**WHAT THE TASK ASKS:** Print the whole listing again exactly as it stands, leaving out any images.
*** INFORMATION SHOWN ***
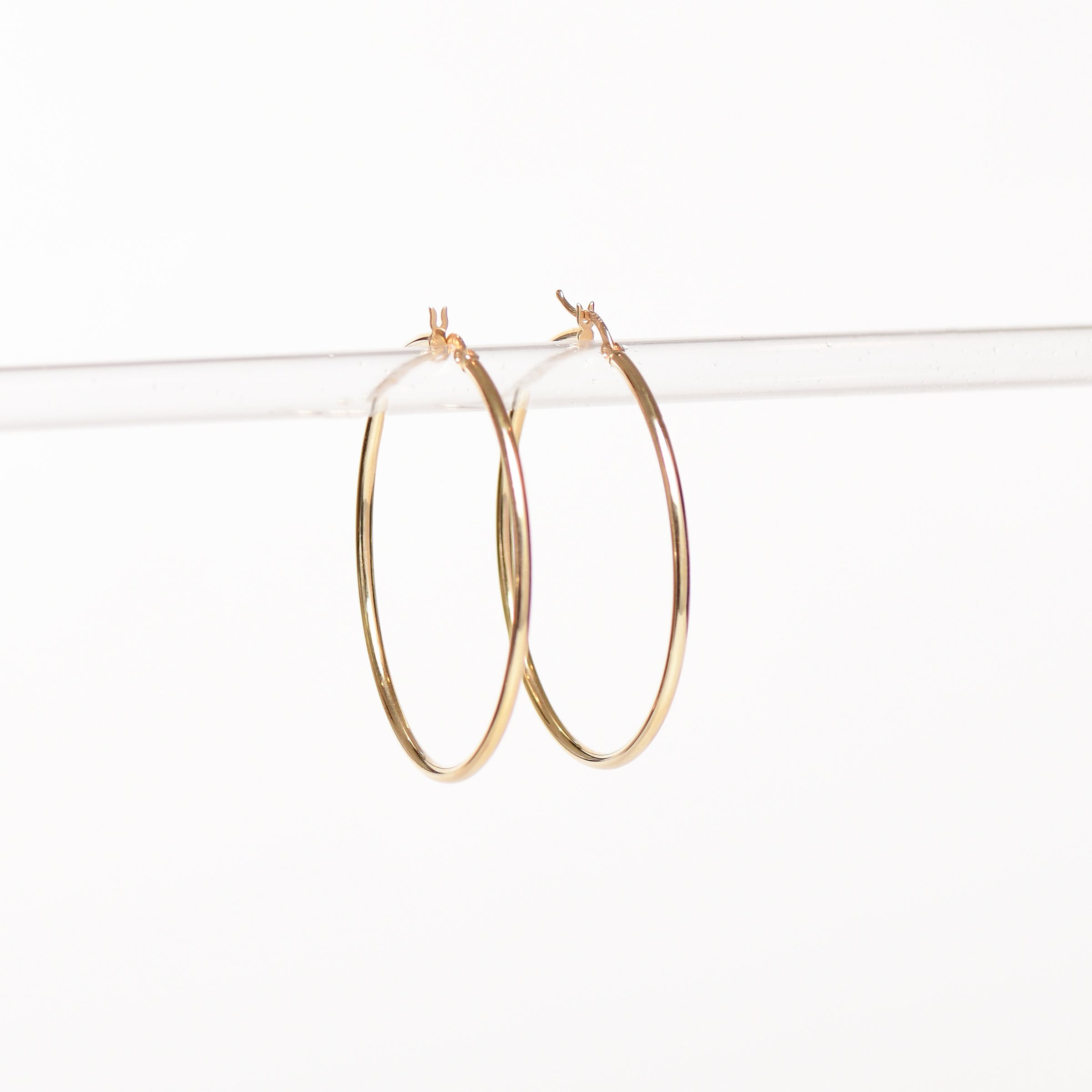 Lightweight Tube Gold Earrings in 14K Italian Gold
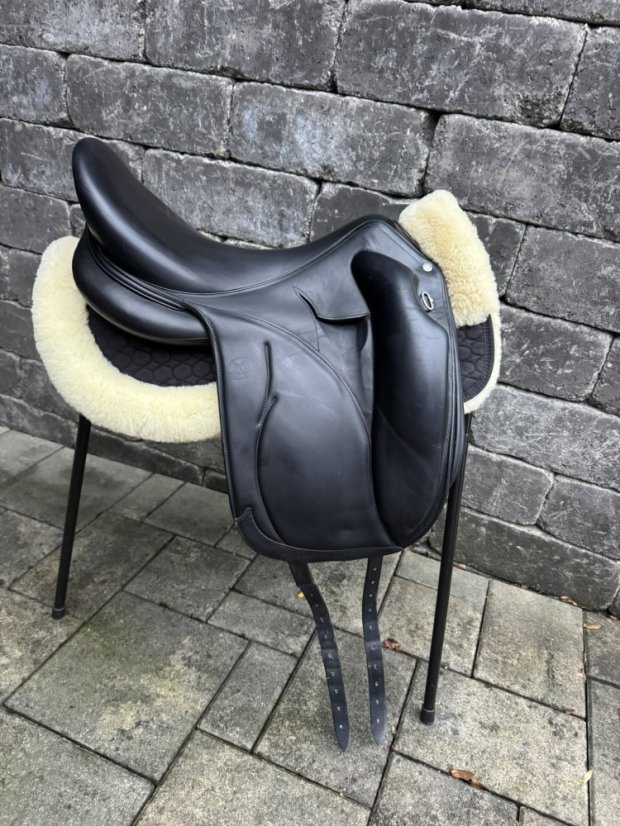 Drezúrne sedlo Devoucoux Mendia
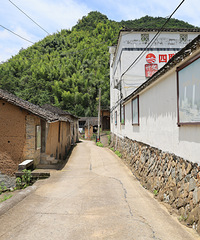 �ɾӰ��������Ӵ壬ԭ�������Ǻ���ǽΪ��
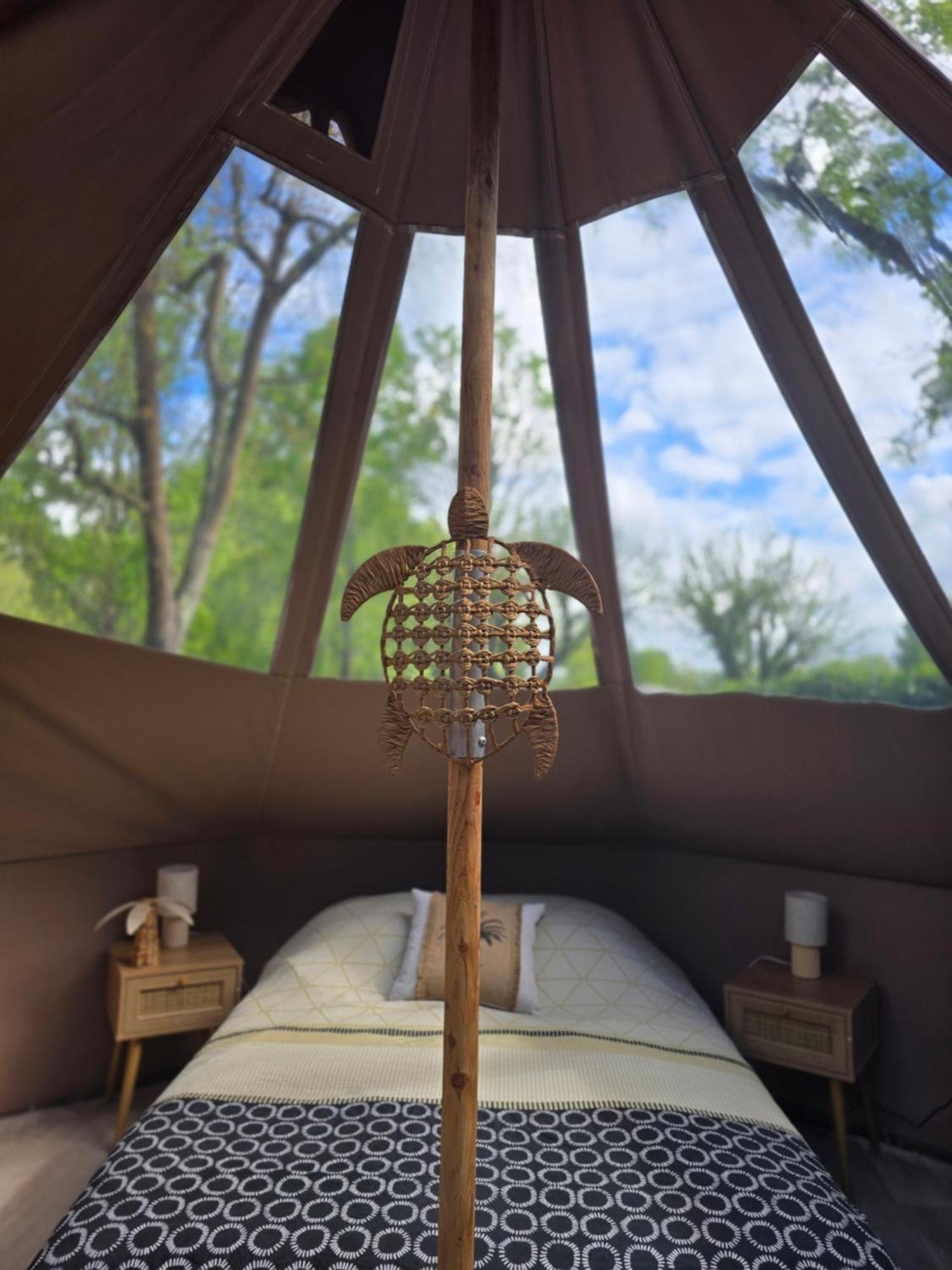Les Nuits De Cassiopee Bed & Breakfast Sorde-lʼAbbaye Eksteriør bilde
*** End of INFORMATION SHOWN ***
**WRITTEN SOLUTION:**
 Lightweight Tube Gold Earrings in 14K Italian Gold
 Drezúrne sedlo Devoucoux Mendia
 �ɾӰ��������Ӵ壬ԭ�������Ǻ���ǽΪ��
Les Nuits De Cassiopee Bed & Breakfast Sorde-lʼAbbaye Eksteriør bilde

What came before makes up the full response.